*Problem to solve*. For the material below, return exactly the lines starting at the line containing "A painted metal storage cupboard." and ending at the line containing "Hombre con chándal", both ends included, and no others.
━━━━━━
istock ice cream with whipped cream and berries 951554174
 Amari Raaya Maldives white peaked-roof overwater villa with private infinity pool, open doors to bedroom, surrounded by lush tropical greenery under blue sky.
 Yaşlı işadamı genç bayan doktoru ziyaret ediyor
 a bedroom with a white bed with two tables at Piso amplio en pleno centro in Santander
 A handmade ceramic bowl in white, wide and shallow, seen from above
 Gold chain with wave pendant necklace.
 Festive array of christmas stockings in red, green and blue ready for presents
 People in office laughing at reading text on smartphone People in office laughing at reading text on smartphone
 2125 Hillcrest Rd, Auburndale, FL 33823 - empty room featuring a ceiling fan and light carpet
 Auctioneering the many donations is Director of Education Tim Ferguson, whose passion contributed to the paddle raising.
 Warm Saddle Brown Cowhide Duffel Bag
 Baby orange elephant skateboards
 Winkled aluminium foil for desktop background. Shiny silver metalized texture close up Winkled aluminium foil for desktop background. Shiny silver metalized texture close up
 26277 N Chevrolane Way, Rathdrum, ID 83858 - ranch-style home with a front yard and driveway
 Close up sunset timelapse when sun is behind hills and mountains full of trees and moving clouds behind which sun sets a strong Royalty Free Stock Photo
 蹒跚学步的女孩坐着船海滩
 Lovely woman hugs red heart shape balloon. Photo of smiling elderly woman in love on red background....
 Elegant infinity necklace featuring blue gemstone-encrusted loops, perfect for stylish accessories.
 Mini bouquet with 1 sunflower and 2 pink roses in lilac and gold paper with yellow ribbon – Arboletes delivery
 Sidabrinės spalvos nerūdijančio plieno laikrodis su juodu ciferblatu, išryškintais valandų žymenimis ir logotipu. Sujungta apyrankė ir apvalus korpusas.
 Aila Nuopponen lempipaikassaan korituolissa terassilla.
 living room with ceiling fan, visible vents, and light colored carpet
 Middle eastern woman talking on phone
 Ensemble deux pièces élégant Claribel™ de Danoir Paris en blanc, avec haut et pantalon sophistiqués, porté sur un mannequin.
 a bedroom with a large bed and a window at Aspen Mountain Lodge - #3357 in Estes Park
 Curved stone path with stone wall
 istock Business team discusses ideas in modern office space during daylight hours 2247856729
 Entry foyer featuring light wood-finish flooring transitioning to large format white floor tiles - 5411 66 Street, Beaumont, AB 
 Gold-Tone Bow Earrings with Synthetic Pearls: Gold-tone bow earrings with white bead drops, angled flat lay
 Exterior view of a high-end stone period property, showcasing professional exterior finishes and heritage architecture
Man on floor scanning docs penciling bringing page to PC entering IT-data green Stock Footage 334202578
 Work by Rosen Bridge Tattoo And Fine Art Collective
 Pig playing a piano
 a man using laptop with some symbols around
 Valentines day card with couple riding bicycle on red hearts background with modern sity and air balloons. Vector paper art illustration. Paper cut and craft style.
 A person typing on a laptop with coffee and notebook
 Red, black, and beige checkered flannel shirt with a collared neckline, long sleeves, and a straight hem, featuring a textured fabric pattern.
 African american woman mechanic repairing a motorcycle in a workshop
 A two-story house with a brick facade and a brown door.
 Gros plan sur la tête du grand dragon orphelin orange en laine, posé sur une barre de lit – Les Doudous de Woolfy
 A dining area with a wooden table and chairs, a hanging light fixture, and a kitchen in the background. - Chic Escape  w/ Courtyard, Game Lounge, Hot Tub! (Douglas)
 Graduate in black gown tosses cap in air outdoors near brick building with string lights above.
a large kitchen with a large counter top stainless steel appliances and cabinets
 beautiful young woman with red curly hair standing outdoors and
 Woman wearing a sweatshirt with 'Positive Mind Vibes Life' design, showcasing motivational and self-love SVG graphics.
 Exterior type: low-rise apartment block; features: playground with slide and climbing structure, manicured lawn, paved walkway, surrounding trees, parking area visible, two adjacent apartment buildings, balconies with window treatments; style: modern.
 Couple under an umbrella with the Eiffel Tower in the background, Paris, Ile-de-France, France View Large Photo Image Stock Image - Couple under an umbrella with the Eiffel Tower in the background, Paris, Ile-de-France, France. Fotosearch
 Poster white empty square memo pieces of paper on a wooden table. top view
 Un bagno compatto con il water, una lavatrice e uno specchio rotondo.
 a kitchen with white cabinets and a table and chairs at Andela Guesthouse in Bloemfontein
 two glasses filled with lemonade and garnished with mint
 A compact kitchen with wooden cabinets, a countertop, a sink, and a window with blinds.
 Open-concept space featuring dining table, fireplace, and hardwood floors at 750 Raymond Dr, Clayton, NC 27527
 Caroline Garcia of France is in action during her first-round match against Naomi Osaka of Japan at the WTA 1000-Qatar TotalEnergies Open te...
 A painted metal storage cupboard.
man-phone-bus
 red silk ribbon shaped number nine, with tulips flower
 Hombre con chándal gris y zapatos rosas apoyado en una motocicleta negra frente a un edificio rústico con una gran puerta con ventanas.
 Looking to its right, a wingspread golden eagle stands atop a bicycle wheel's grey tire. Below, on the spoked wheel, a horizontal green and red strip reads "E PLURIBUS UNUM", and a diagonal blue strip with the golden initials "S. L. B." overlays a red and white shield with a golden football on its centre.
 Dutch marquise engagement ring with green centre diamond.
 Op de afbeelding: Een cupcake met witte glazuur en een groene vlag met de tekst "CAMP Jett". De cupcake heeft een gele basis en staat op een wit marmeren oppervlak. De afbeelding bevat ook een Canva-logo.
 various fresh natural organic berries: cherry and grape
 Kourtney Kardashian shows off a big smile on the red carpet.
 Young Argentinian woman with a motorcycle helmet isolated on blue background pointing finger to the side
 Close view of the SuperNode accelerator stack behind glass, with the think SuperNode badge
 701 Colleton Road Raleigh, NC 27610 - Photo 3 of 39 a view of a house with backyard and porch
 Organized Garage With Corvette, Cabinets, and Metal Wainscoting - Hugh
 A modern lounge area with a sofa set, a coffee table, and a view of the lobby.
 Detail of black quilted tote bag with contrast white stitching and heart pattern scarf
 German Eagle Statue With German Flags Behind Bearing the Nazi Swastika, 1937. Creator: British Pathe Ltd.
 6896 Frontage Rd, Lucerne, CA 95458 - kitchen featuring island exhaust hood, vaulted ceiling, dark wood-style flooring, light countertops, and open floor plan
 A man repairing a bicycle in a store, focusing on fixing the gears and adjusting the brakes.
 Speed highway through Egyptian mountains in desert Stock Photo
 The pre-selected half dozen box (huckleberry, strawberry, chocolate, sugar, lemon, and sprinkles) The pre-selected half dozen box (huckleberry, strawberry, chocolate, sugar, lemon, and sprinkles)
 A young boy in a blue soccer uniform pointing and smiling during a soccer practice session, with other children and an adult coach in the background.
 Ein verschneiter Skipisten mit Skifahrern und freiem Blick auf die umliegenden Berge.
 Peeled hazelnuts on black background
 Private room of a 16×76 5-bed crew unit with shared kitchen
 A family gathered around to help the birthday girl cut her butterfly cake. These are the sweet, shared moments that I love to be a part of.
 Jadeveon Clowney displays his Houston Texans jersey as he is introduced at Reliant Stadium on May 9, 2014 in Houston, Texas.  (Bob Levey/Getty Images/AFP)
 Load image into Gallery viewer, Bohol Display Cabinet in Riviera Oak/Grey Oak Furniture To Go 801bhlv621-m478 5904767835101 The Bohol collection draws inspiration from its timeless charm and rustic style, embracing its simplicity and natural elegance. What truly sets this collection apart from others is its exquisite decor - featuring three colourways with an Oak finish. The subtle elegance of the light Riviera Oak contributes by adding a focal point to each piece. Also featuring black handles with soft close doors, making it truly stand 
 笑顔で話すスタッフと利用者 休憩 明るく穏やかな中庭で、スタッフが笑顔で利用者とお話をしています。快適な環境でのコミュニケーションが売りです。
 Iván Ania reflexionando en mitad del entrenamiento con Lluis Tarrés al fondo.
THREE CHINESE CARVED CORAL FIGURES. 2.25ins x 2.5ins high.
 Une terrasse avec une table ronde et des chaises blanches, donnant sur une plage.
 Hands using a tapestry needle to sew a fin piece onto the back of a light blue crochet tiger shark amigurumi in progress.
━━━━━━
*Answer section*.
 A painted metal storage cupboard.
man-phone-bus
 red silk ribbon shaped number nine, with tulips flower
 Hombre con chándal gris y zapatos rosas apoyado en una motocicleta negra frente a un edificio rústico con una gran puerta con ventanas.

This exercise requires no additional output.